🤖 AI Summary
This study addresses the challenges of automated building damage assessment following tornado disasters, where severe domain shift and extreme class imbalance undermine the accuracy of existing methods. To this end, the authors introduce the Quad-State Tornado Damage benchmark dataset and conduct a systematic evaluation of 79 open-source deep learning models through over 2,300 controlled experiments, analyzing the joint effects of architecture, optimizer, and learning rate. The findings reveal that optimizer choice is more decisive than model architecture: SGD substantially enhances Vision Transformer performance, and a low learning rate (1e-4) consistently yields improvements. The best-performing ConvNeXt-Base model achieves a Macro F1 score of 46.4% (+34.6 points) and an Ordinal Top-1 accuracy of 85.5% on the cross-event TMTD dataset, significantly outperforming baseline approaches.
📝 Abstract
Rapid and accurate building damage assessment in the immediate aftermath of tornadoes is critical for coordinating life-saving search and rescue operations, optimizing emergency resource allocation, and accelerating community recovery. However, current automated methods struggle with the unique visual complexity of tornado-induced wreckage, primarily due to severe domain shift from standard pre-training datasets and extreme class imbalance in real-world disaster data.
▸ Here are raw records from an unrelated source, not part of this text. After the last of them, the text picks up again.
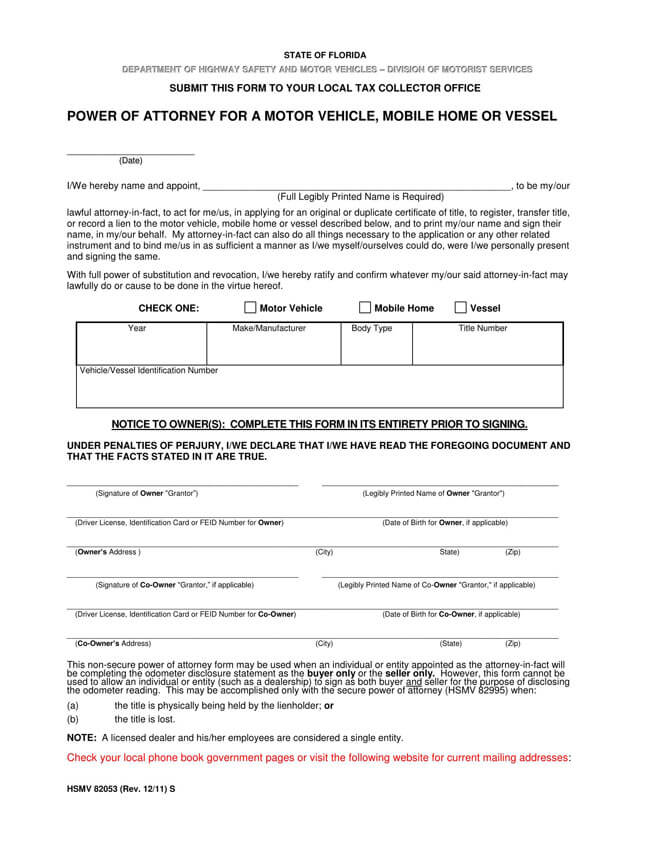 Florida Motor Vehicle POA Form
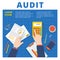 Audit and financial analysis vector concept. Accountant working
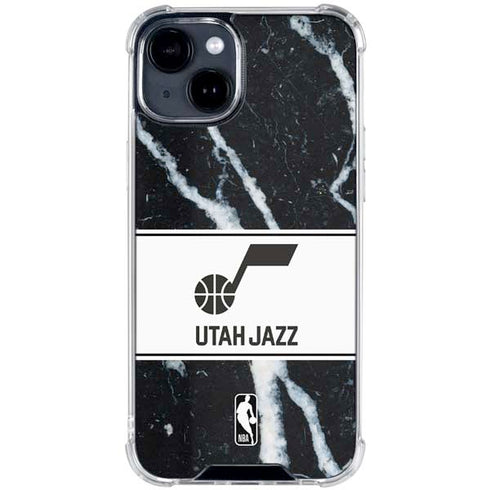 NBA Utah Jazz Marble iPhone 15 Clear Case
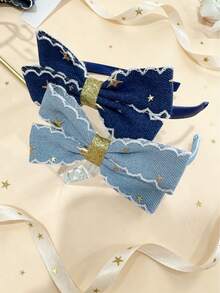1/2pcs Denim Star Girl Cute Bow Headband Hair Accessory, Non-Tightening, Non-Damaging, Suitable For Daily Casual Wear - Multicolor - View 7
To address these challenges, we introduce a systematic experimental framework evaluating 79 open-source deep learning models, encompassing both Convolutional Neural Networks (CNNs) and Vision Transformers, across over 2,300 controlled experiments on our newly curated Quad-State Tornado Damage (QSTD) benchmark dataset. Our findings reveal that achieving operational-grade performance hinges on a complex interaction between architecture and optimization, rather than architectural selection alone. Most strikingly, we demonstrate that optimizer choice can be more consequential than architecture: switching from Adam to SGD provided dramatic F1 gains of +25 to +38 points for Vision Transformer and Swin Transformer families, fundamentally reversing their ranking from bottom-tier to competitive with top-performing CNNs. Furthermore, a low learning rate of 1x10^(-4) proved universally critical, boosting average F1 performance by +10.2 points across all architectures. Our champion model, ConvNeXt-Base trained with these optimized settings, demonstrated strong cross-event generalization on the held-out Tuscaloosa-Moore Tornado Damage (TMTD) dataset, achieving 46.4% Macro F1 (+34.6 points over baseline) and retaining 85.5% Ordinal Top-1 Accuracy despite temporal and sensor domain shifts.